Based on the committee’s research, students using the Rivera library late at night would find an extension of closing time from 12 a.m. to 2 a.m. to be more convenient. Implementing this change would be complicated, however, as “there are many process (sic) to account for, such as (if) personnel are available, security endeavors, and ultimately if students will come,” according to Ramos. Ramos personally believes that such an extension would benefit students if it came to fruition.

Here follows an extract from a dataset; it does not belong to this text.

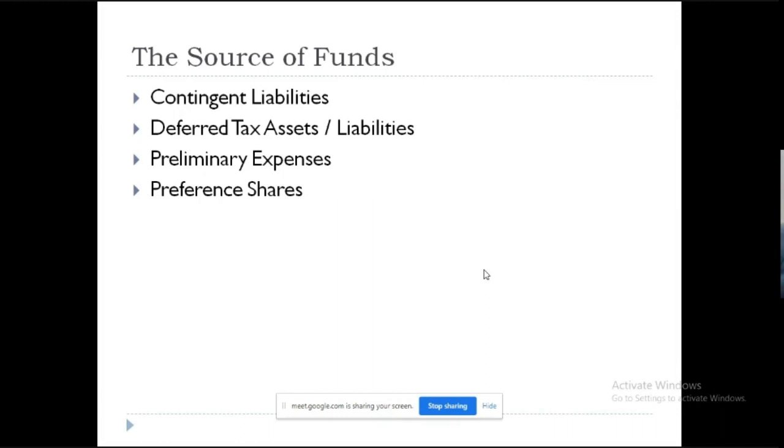Contingent liability can become huge for a company if it was not prepared. Deferred tax asset and liabilities is an accounting adjustment. Preliminary expense, if you are a startup, please be aware about it. I don't know why you guys don't use it.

Alongside extending Rivera’s hours, the committee has been working with GCAP on improving the Zagster Bike Share program on campus, which provides bikes for students at UCR to use on campus. “According to our intel, an overwhelming amount of students expressed a concern that the bikes are constantly unavailable or under maintenance,” Ramos said. “We’ll be submitting this issue to the formal committee to look into it; there needs to be more bikes available overall.”

A specific number of complainants was unavailable, as Ramos explained that the bike survey was focused more on individual and personalized feedback, “full written accounts of the bike share program rather than a qualitative (sic) number.”

Ramos also pointed out that bikes may not be the only rental vehicle in the future. “In order to make a sizable impact on campus, the program will need to expand past its 50-ish bikes,” Ramos observed, “and we’ve taken into account current popular modes of transportation such as walking, skateboarding and scootering.” Skateboarding and scootering were proposed because students are known to use them on campus and set themselves up to be avenues of vehicles for rent. The latter was especially suggested because of what Ramos considers a “strong scooter presence” at UCR, “potentially even larger than the biking community. It’s important that we consider all options,” Ramos noted.

When asked why Rivera’s library hours and the Zagster rental service were the committee’s current foci of action, Ramos pointed out that the SVC doesn’t have enough resources or people to handle every student issue. “The library hours research provided us with a very clear route … we provided a plan of action and thus entered the meetings (with administration) with an ultimate quantifiable goal,” Ramos specified. As for the Zagster program, Ramos explained that the the rental service was a “common community resource. It impacts a number of our (students’) day to day lives and is an active, ongoing program which seeks development and improvement,” Ramos said.

On Friday, May 2, the committee met in the ASUCR offices to further discuss the plans of their group. They currently plan on strengthening their connections with the newly elected ASUCR senators through individual meetups. The SVC also intends to increase communications with other campus organizations on the surveys they have already performed. “A lot of campus resources are doing the same things we’ve done already,” Ramos noted at the meeting, “and we’re trying to better connect with those resources” to resolve the redundancy of their surveys.

The SVC meets every Friday at 5 p.m. inside the conference room of the ASUCR office (HUB 202) on the second floor of the HUB.